Rachael Yamagata

Ask Rachael Yamagata about her musical trajectory, and she’ll tell you it was written in the stars. Though she took lessons (on piano and flute) as a youngster, the singer/songwriter is primarily self-taught.

“I stopped the lessons after a year but kept playing for fun and would make up little stories on the fly,” she explained in a recent email interview.

Take a look at Yamagata’s lineage, though, and it’s clear that the young songwriter had plenty of musical guidance. Her grandfather could play multiple instruments by ear; her stepfather was part of the ’60s rock group Spiral Starecase; her uncle plays with the New York Philharmonic; and her step-uncle is a professional sound engineer.

“Most of my family is even from Woodstock,” she writes, “so I guess in some ways it was all meant to be.”

Since making her debut in 2004, Yamagata has gathered her fair share of accolades, too.

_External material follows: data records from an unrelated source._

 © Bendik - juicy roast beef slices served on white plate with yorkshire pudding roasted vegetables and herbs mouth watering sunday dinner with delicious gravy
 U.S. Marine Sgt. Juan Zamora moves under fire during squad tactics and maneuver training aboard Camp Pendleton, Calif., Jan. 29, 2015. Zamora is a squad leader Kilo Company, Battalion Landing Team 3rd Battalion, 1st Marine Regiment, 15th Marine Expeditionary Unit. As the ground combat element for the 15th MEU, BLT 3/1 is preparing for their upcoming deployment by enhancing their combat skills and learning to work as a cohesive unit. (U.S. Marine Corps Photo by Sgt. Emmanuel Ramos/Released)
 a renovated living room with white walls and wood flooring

She’s played and recorded with Jason Mraz, Ryan Adams, Conor Oberst, and Ray LaMontagne, and her songs have been featured in numerous films (Dear John, Elizabethtown) and TV shows (ER, Grey’s Anatomy, The O.C., 30 Rock). She’s been signed to a major label, and, as of 2011, successfully toured and released records as an independent artist. Last November, Yamagata unleashed Heavyweight, her fifth EP and second self-release.

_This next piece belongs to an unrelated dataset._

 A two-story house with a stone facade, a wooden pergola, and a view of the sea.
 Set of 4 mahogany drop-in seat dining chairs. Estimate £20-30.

“I had these darker ballads that didn’t quite fit on my last full-length,” she explained, “but I don’t like to wait too long after writing something or I get bored.”

She describes the EP’s vibe as distinctly more intense than her other albums and says the songs are “devoted to stages of letting go and, ultimately, wishing for a more universal kindness among us all.”

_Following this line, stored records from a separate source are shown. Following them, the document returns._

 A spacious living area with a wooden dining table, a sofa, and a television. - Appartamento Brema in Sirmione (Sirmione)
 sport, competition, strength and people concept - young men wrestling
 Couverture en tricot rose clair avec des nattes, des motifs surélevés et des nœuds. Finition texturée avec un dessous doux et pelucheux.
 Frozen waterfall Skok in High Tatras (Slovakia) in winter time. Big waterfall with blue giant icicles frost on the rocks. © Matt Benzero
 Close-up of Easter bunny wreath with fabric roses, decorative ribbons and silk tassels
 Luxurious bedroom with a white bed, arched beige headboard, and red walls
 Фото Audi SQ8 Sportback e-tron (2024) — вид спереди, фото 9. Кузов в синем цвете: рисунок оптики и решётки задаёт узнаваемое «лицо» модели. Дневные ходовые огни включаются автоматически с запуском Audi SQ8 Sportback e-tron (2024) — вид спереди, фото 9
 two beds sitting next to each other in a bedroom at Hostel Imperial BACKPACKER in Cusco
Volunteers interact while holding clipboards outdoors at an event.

Musically speaking, Yamagata’s songs are decidedly lyrical affairs. Pianos play prominently into the mix, but it’s Yamagata’s lush, lilting vocals that repeatedly steal the show. She attributes her songwriting approach to her love of musical theater and finds herself drawn to romantic production techniques and “setting a scene” with her lyrics. As such, her songs err on the side of heartbreak and healing, often punctuated by her mix of sultry and trembling deliveries.

Fittingly, when asked to describe her music, Yamagata retorts with a phrase that’s as succinct as it is telling. “[It’s] beautiful ache articulation,” she writes. We couldn’t have said it better ourselves.